-- Opening Marker --
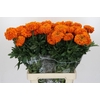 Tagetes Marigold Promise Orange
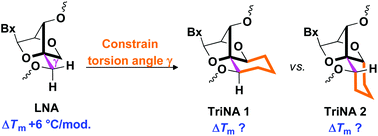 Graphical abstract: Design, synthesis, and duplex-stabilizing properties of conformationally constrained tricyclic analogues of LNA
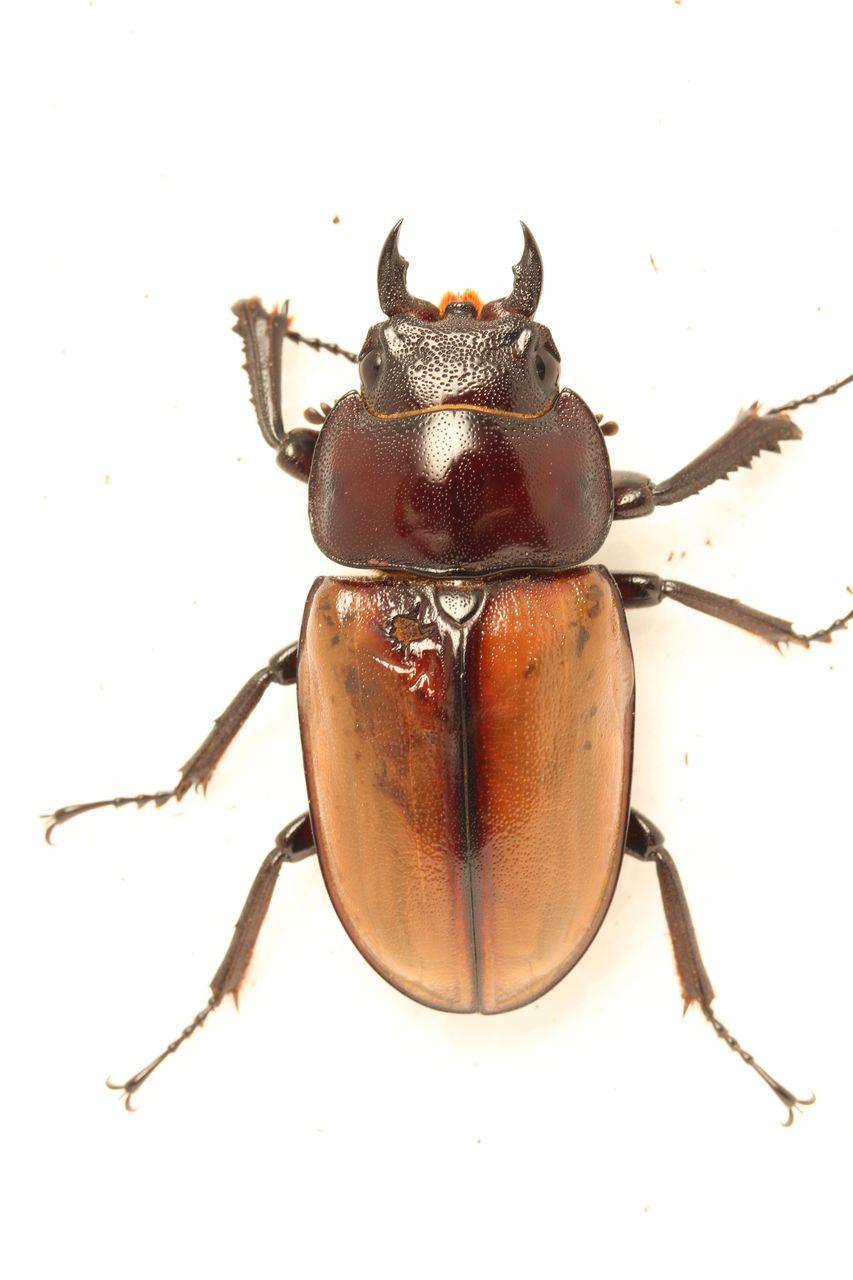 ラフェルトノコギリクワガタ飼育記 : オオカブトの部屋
-- Closing Marker --
WHAT YOU WILL DO | Would you transcribe all of the data exactly, apart from its pictures?

EXERCISE OUTPUT |
 Tagetes Marigold Promise Orange
 Graphical abstract: Design, synthesis, and duplex-stabilizing properties of conformationally constrained tricyclic analogues of LNA
 ラフェルトノコギリクワガタ飼育記 : オオカブトの部屋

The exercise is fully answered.